* **WHAT YOU NEED TO DO**: Could you print, exactly and without pictures, only the lines from the one with "NO GOOD COME-ONS" through the end of the records below?

MATERIALS PROVIDED: Begin

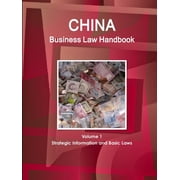 China Business Law Handbook Volume 1 Strategic Information and Basic Laws, Paperback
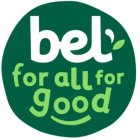BEL' FOR ALL FOR GOOD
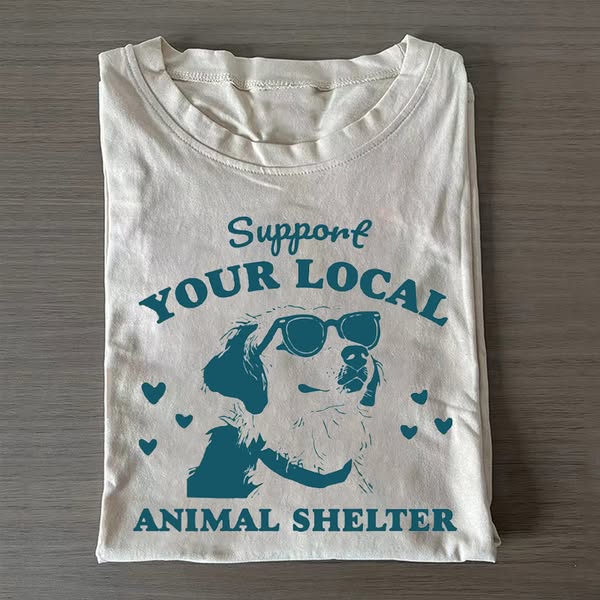 Support Your Local Animal Shelter T-shirt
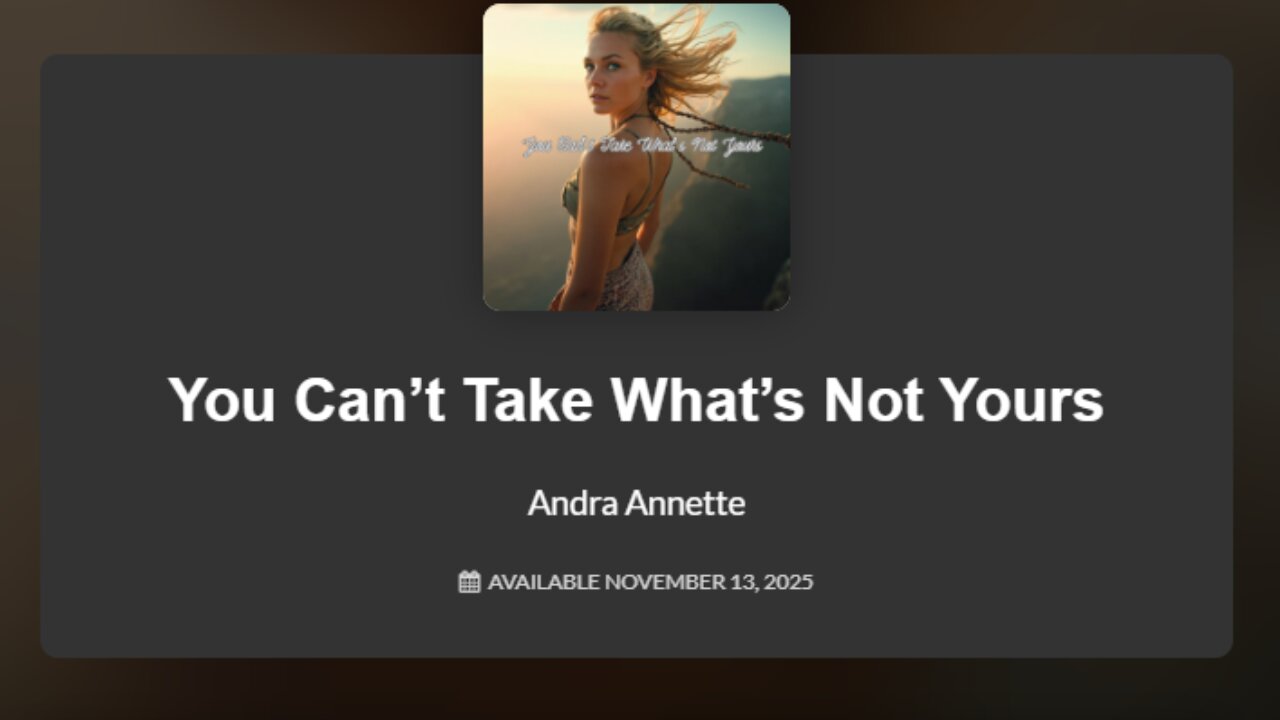 You Can't Take What's Not Yours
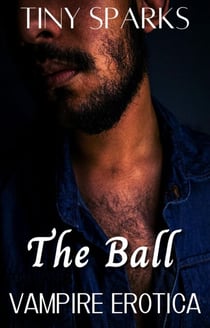 The Ball Vampire Erotic Story - Vampire Erotic Story, #1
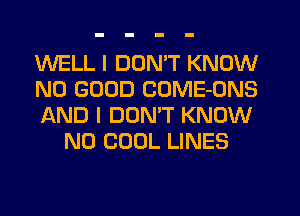 WELL I DDMT KNOW

NO GOOD COME-ONS

AND I DUNW KNOW
N0 COOL LINES
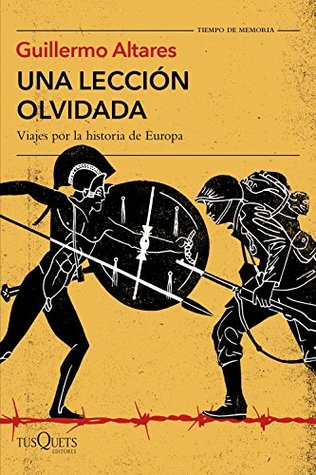 Una lección olvidada: Viajes por la historia de Europa (Kindle Edition)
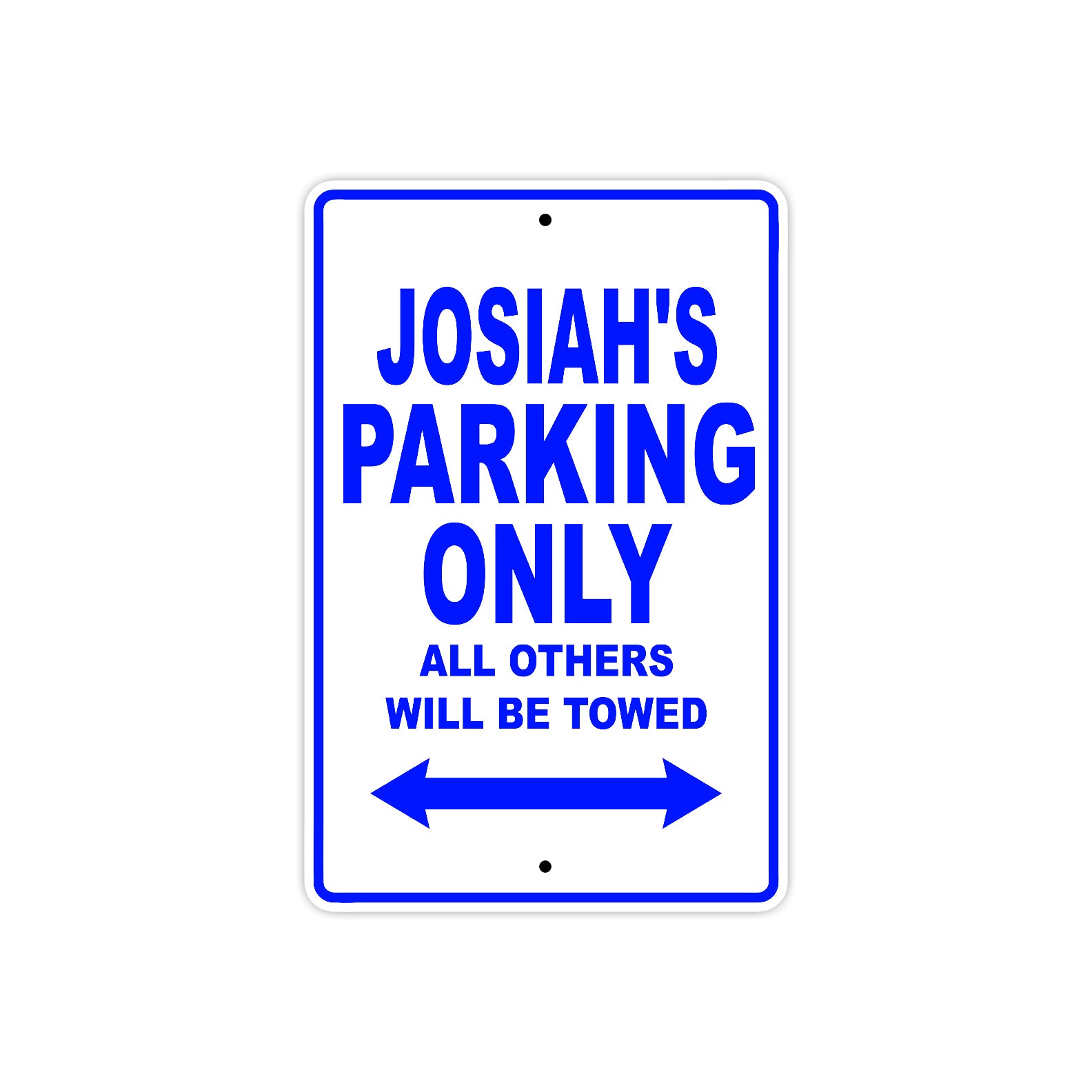 Josiah's Name Parking Only All Others Will Be Towed Sign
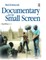 Documentary for the Small Screen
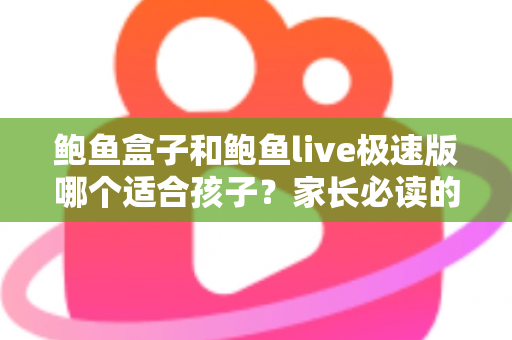 鲍鱼盒子和鲍鱼live极速版哪个适合孩子?家长必读的儿童上网安全指南 鲍鱼盒子和鲍鱼live极速版哪个适合孩子?家长必读的儿童上网安全指南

MATERIALS PROVIDED: End

* **WRITTEN ANSWER**:
NO GOOD COME-ONS

AND I DUNW KNOW
N0 COOL LINES
 Una lección olvidada: Viajes por la historia de Europa (Kindle Edition)
 Josiah's Name Parking Only All Others Will Be Towed Sign
 Documentary for the Small Screen
 鲍鱼盒子和鲍鱼live极速版哪个适合孩子?家长必读的儿童上网安全指南 鲍鱼盒子和鲍鱼live极速版哪个适合孩子?家长必读的儿童上网安全指南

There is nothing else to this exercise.